* [Dataset extract]:
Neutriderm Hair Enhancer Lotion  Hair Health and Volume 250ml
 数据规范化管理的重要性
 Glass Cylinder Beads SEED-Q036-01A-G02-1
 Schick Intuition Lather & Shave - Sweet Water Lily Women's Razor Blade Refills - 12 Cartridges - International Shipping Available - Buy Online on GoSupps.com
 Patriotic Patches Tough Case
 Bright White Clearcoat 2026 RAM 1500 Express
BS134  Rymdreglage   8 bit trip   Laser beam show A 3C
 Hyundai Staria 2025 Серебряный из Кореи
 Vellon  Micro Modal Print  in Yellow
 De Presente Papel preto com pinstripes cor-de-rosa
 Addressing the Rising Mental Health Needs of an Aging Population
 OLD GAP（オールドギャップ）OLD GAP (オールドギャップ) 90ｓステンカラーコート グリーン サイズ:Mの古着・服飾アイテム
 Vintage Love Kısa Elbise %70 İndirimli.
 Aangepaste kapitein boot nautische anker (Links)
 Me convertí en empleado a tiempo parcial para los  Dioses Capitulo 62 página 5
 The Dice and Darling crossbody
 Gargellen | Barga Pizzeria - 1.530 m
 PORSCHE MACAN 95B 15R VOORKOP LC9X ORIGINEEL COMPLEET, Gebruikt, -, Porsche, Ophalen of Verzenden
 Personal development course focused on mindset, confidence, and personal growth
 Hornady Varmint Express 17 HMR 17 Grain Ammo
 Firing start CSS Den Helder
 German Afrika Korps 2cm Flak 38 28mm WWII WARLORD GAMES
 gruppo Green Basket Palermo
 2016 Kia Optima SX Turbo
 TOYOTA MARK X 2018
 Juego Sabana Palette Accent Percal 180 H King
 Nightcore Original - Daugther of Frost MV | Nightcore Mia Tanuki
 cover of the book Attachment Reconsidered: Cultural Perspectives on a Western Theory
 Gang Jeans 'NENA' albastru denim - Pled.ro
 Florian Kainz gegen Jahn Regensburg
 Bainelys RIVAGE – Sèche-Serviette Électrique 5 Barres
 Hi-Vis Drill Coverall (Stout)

* [Task prompt]: May I have the entries returned exactly, with every line in place?

* [Written solution]:
Neutriderm Hair Enhancer Lotion  Hair Health and Volume 250ml
 数据规范化管理的重要性
 Glass Cylinder Beads SEED-Q036-01A-G02-1
 Schick Intuition Lather & Shave - Sweet Water Lily Women's Razor Blade Refills - 12 Cartridges - International Shipping Available - Buy Online on GoSupps.com
 Patriotic Patches Tough Case
 Bright White Clearcoat 2026 RAM 1500 Express
BS134  Rymdreglage   8 bit trip   Laser beam show A 3C
 Hyundai Staria 2025 Серебряный из Кореи
 Vellon  Micro Modal Print  in Yellow
 De Presente Papel preto com pinstripes cor-de-rosa
 Addressing the Rising Mental Health Needs of an Aging Population
 OLD GAP（オールドギャップ）OLD GAP (オールドギャップ) 90ｓステンカラーコート グリーン サイズ:Mの古着・服飾アイテム
 Vintage Love Kısa Elbise %70 İndirimli.
 Aangepaste kapitein boot nautische anker (Links)
 Me convertí en empleado a tiempo parcial para los  Dioses Capitulo 62 página 5
 The Dice and Darling crossbody
 Gargellen | Barga Pizzeria - 1.530 m
 PORSCHE MACAN 95B 15R VOORKOP LC9X ORIGINEEL COMPLEET, Gebruikt, -, Porsche, Ophalen of Verzenden
 Personal development course focused on mindset, confidence, and personal growth
 Hornady Varmint Express 17 HMR 17 Grain Ammo
 Firing start CSS Den Helder
 German Afrika Korps 2cm Flak 38 28mm WWII WARLORD GAMES
 gruppo Green Basket Palermo
 2016 Kia Optima SX Turbo
 TOYOTA MARK X 2018
 Juego Sabana Palette Accent Percal 180 H King
 Nightcore Original - Daugther of Frost MV | Nightcore Mia Tanuki
 cover of the book Attachment Reconsidered: Cultural Perspectives on a Western Theory
 Gang Jeans 'NENA' albastru denim - Pled.ro
 Florian Kainz gegen Jahn Regensburg
 Bainelys RIVAGE – Sèche-Serviette Électrique 5 Barres
 Hi-Vis Drill Coverall (Stout)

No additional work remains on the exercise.